■ Exercise aim ■
Scan the entries for the word "Fleece". Every line that has it should be copied.

[Brief descriptive captions]
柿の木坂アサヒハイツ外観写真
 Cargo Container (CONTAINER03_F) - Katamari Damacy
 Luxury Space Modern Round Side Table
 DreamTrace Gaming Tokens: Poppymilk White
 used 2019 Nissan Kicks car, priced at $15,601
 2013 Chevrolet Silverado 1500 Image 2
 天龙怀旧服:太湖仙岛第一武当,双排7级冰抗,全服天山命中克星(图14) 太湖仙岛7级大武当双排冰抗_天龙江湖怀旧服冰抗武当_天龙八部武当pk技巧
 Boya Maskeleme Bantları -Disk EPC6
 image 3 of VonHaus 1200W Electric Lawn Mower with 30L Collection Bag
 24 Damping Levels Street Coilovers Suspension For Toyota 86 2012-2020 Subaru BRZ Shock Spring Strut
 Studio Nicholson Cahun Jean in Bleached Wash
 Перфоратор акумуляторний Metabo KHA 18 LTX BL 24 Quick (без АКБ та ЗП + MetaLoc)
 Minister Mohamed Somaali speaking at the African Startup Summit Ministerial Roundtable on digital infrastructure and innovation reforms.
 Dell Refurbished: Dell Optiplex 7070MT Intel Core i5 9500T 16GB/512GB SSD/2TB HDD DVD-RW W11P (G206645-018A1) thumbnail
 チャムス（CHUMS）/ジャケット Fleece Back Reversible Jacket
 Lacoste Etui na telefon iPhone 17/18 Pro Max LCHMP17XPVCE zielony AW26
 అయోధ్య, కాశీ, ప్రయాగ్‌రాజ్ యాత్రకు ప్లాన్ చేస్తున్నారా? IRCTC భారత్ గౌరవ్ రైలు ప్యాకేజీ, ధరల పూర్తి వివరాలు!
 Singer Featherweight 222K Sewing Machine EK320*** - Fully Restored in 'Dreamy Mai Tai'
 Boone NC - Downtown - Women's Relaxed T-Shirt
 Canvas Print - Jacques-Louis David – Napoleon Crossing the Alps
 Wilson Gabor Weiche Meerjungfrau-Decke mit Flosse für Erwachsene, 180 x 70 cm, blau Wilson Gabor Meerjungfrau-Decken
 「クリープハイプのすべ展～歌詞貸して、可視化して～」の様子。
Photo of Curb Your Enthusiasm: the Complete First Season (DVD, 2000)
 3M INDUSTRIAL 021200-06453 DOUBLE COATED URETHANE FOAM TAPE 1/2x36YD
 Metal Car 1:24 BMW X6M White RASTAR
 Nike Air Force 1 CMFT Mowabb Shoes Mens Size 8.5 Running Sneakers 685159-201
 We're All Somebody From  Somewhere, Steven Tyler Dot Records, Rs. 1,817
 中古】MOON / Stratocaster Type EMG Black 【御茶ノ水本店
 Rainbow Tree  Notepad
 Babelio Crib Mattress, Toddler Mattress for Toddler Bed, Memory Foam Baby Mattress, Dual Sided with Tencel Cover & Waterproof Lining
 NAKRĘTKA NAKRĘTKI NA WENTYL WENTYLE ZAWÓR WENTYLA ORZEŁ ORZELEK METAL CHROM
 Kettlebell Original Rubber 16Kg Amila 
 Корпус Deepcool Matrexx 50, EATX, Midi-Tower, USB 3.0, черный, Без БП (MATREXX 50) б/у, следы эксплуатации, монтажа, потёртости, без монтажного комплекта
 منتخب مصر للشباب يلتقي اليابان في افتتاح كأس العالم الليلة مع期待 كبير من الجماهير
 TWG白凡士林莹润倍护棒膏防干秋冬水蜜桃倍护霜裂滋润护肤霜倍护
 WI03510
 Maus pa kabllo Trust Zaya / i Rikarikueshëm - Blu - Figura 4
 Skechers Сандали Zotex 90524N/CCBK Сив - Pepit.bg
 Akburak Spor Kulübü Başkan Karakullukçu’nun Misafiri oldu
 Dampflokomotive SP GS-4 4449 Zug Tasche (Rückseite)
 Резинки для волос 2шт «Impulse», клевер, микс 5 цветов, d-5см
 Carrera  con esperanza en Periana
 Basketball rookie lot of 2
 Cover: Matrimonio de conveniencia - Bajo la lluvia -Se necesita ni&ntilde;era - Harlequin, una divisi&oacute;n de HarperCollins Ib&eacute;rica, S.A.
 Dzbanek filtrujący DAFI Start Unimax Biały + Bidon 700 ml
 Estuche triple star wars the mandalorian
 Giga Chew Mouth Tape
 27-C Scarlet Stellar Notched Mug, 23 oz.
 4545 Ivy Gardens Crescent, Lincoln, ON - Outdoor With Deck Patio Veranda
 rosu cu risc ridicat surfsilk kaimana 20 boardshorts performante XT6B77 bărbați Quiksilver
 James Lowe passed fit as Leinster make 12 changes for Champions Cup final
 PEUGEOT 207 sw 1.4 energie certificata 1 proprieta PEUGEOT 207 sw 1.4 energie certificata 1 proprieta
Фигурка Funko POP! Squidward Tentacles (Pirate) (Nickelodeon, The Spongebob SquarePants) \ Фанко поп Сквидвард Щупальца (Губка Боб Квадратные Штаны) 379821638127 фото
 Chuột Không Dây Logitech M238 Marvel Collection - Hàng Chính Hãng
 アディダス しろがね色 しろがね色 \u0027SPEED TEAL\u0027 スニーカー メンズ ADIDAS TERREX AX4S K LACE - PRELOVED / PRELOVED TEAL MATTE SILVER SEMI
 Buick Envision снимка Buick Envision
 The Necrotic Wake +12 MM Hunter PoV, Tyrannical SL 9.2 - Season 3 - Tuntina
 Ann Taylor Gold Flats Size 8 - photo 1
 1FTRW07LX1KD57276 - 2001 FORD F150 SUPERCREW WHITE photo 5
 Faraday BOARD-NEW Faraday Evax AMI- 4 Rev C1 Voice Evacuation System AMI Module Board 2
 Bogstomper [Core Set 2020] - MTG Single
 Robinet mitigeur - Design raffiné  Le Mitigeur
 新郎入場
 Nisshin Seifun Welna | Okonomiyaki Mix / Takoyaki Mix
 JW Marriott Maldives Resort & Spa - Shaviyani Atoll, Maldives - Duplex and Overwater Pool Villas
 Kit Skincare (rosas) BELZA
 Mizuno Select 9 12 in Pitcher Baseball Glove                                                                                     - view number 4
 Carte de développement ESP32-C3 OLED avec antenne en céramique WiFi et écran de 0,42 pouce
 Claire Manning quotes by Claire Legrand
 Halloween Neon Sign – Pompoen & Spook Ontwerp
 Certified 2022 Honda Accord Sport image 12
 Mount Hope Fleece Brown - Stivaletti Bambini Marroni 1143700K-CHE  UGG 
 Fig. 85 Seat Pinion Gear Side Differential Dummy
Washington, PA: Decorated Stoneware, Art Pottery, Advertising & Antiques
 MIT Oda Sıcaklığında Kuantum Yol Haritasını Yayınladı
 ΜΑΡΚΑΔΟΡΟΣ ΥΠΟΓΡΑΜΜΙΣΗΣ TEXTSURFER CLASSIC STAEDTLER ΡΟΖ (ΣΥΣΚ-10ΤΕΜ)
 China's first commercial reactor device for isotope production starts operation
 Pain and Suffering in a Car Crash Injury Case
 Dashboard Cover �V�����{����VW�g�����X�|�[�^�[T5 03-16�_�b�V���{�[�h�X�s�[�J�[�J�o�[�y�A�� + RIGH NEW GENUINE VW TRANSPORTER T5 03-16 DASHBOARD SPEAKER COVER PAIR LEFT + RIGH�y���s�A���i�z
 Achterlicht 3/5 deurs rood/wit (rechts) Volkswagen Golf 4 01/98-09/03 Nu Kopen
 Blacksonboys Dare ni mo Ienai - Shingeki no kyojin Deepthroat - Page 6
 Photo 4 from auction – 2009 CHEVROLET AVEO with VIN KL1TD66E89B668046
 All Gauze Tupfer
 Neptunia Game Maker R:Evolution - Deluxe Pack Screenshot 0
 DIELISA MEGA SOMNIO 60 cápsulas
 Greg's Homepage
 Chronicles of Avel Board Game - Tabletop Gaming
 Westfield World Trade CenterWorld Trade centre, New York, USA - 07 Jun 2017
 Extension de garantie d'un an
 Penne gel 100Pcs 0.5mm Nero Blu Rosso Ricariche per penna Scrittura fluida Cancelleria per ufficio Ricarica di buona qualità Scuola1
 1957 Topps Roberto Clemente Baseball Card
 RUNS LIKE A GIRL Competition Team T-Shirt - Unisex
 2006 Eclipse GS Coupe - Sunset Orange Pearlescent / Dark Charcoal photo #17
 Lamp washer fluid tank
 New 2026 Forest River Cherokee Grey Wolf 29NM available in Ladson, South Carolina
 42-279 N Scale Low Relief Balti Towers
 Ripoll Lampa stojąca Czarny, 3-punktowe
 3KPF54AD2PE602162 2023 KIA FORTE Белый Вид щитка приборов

■ Finished exercise ■
 チャムス（CHUMS）/ジャケット Fleece Back Reversible Jacket
 Mount Hope Fleece Brown - Stivaletti Bambini Marroni 1143700K-CHE  UGG 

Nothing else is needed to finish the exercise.